» **Task to carry out**
After finding "42-PC 25 mm" in the data, write out its line and all following lines without change, up to and including the last one. Leave out pictures.

» **Data**
######
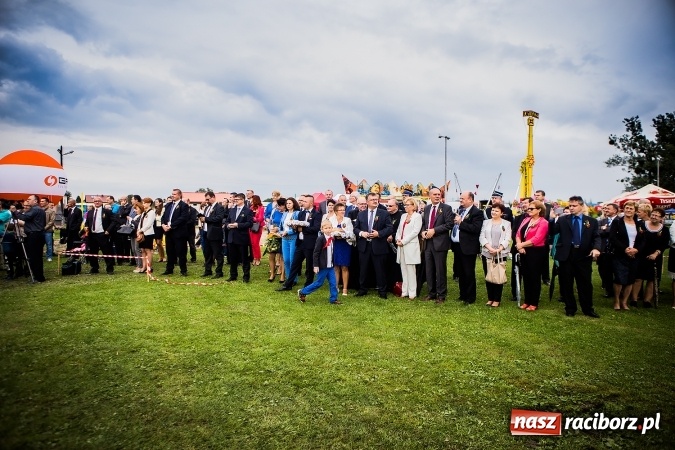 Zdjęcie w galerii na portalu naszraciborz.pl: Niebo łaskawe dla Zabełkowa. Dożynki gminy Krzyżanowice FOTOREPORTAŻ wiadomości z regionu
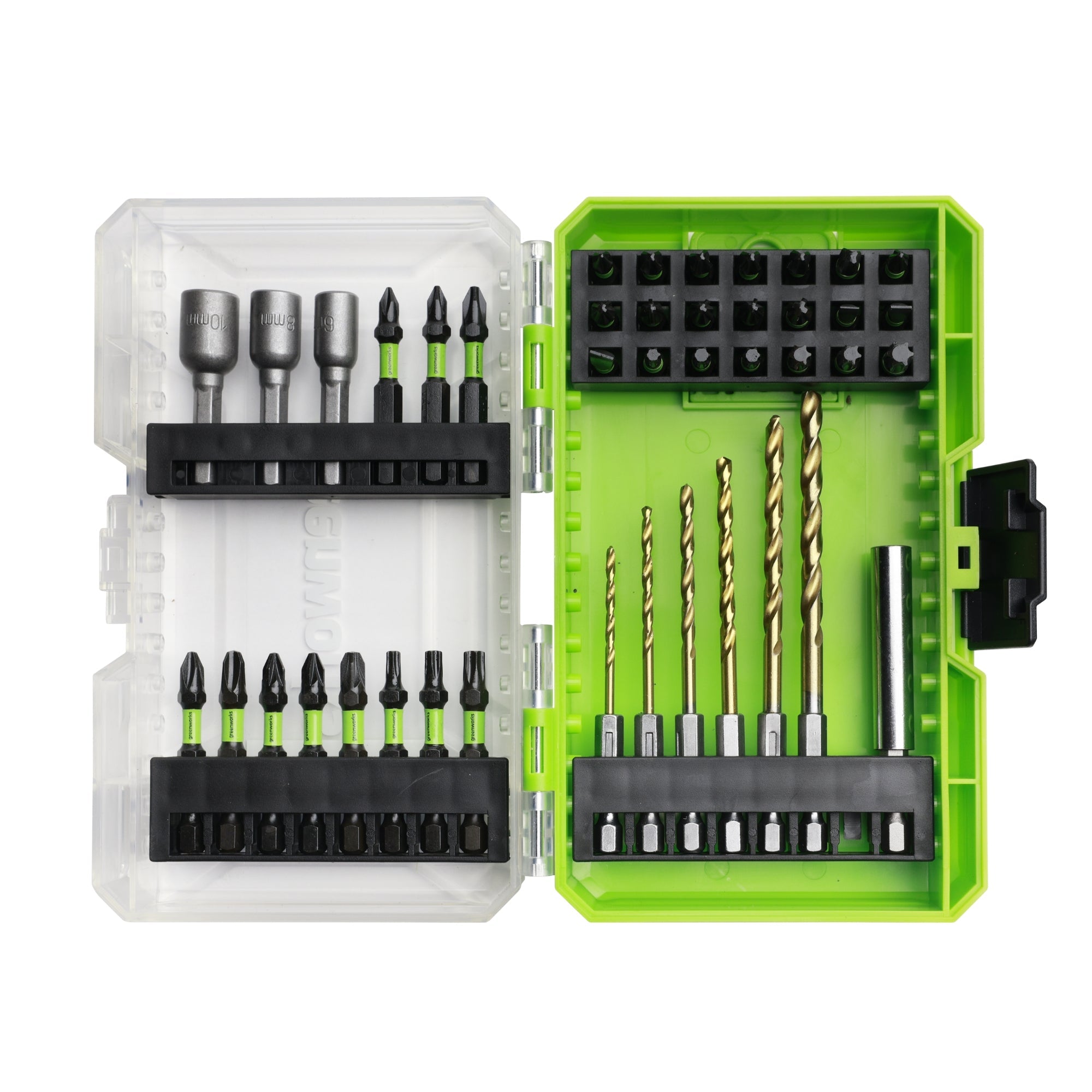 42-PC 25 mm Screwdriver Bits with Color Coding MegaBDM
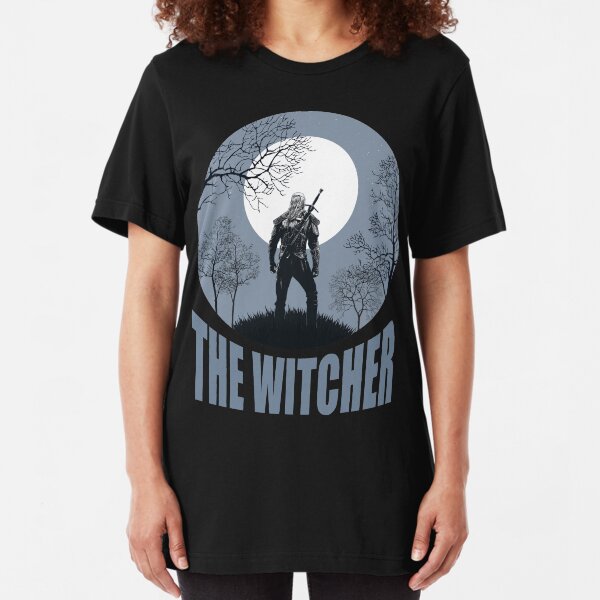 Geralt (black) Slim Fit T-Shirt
######
» **Answer area**
 42-PC 25 mm Screwdriver Bits with Color Coding MegaBDM
 Geralt (black) Slim Fit T-Shirt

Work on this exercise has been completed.